Por esta razão, a previdência privada foge as regras sucessórias trazidas pela Codificação Civil, que dispõe que todo o patrimônio do sucedido será recolhido e partilhado entre os herdeiros legais. Assim, o titular elegerá no momento da contratação do plano o beneficiário para o recebimento do prêmio no caso de sua morte. Apenas nos casos em que não houver essa indicação, prevalecerá a regra contida no artigo 792 do mesmo Diploma Civil, o qual prescreve que, na falta de indicação do beneficiário o prêmio será pago metade ao cônjuge e o restante aos demais herdeiros.

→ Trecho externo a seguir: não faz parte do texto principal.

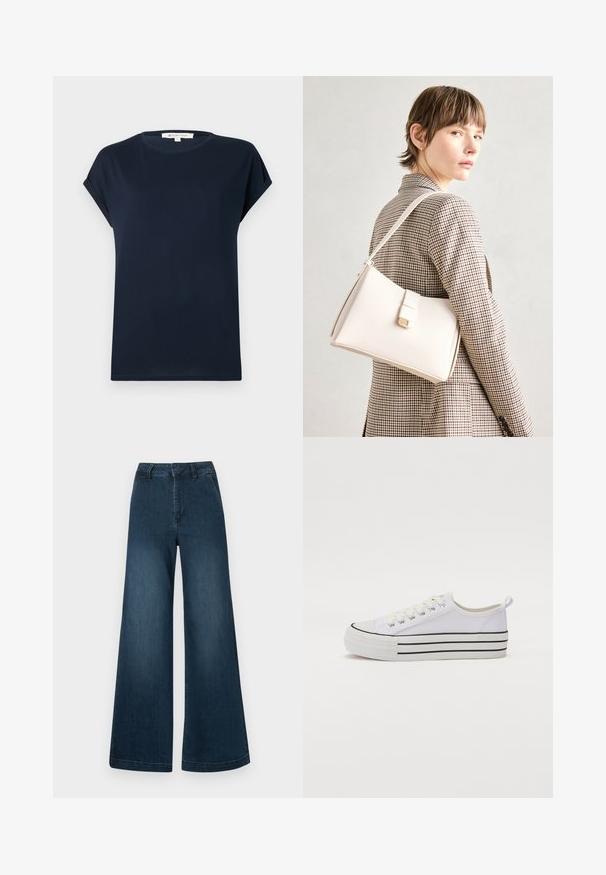 Tamsiai mėlynas trumpomis rankovėmis marškinėliai, pagaminti iš minkštos medžiagos. Savybė - apvali iškirptė ir sukamuoju džinsinio tipo rankovių uždengimu, tiesus apatinis kraštas.; Tamsiai mėlyni aukšto liemens plačiakulkšniai džinsai su priekinėmis kišenėmis ir dirželių kilpelėmis ant baltos fono.; Baltos kanvas sportbačiai su apvaliu nosiu, juodu padu ir horizontaliais juodais juostelės akcentais. Su raišteliais ir kilpa kulne, skirta patogiam dėvėjimui.; Balto odos rankinė su struktūrizuotu dizainu, turinti magnetinį užsegimą ir petnešą, demonstruojama prieš neutralią foną.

Muitas pessoas buscam esse tipo de instrumento para garantir a seus herdeiros um rendimento mínimo para sua sobrevivência durante o processo de inventário, uma vez que o prazo para o recebimento do benefício varia em torno de 7 a 10 dias. Outras pretendem beneficiar pessoas que legalmente não fariam parte deste rol, ou acrescer parcela maior ao patrimônio de determinado herdeiro.

Porém, a arrecadação patrimonial mediante aplicação em planos de previdência privada deve atender as regras sucessórias atinentes a parte legítima e disponível da herança, ou seja, sob a ótica jurídica a parte denominada legítima consiste em 50% do patrimônio do sucedido que deve ser destinada aos herdeiros elencados no artigo 1.845 do Código Civil; a parte restante, será de livre disposição do sucedido, conforme artigo 1.846 do mesmo Diploma.

Assim, com a abertura da sucessão caberá aos herdeiros legais verificar se não houve violação da legítima no momento da contratação do plano de previdência privada, uma vez que, ao administrador do plano não cabe essa averiguação tanto no momento da contratação, quanto no momento do pagamento do prêmio ao beneficiário.

Constatada violação da legítima os herdeiros lesados poderão levar ao conhecimento do Judiciário tal violação, requerendo que seja exigido do beneficiário da previdência privada a integralização dos valores excedentes ao inventário para que sejam devidamente partilhados.

Outra questão que deve ser observada é a relativização da regra contida no artigo 794 do Código Civil quanto a não sujeição do fundo às dívidas do segurado. Ou seja, se a pessoa estiver respondendo a uma Demanda Judicial que tenha como resultado final a pena pecuniária, a previdência privada pode ser alvo de execução para o pagamento da dívida na falta de outros bens com liquidez.

Também poderá ser alvo nos casos em que o Judiciário constatar que o devedor investiu seu patrimônio em planos de previdência privada com o único intuito de blindar seu patrimônio de credores. Porém, nos casos em que a pessoa já estiver recebendo o benefício à título de aposentadoria, as chances de livrar-se de penhora são maiores, pois poderá comprovar que o recebimento se destina à sua sobrevivência.

Outro benefício trazido pelos planos de previdência privada é a baixa incidência de impostos, pois conforme o artigo 73 da Lei Complementar 109/2001, serão a estes aplicadas as regras do seguro de vida trazidas pelo artigo 794 do Código Civil. Por sua vez, tal disposição desonera dos planos de previdência privada o caráter de herança, o que exclui de sua tributação a incidência do ITCMD, permanecendo apenas o Imposto de Renda regressivo e as taxas administrativas de acordo com cada contrato. Ocorre que, ainda que exista a vedação legal, Estados como o Rio de Janeiro e Minas Gerais passaram a tributar o ITCMD sobre os planos de previdência privada.

Assim, pode-se concluir que os planos de previdência privada são um ótimo instrumento para quem deseja proporcionar segurança financeira aos seus sucessores durante o processo de Inventário, bem como beneficiar seus herdeiros ou terceiros com parte disponível de seu patrimônio.

Adriana Letícia Blasius –  Especialista em Direito de Família do escritório Küster Machado.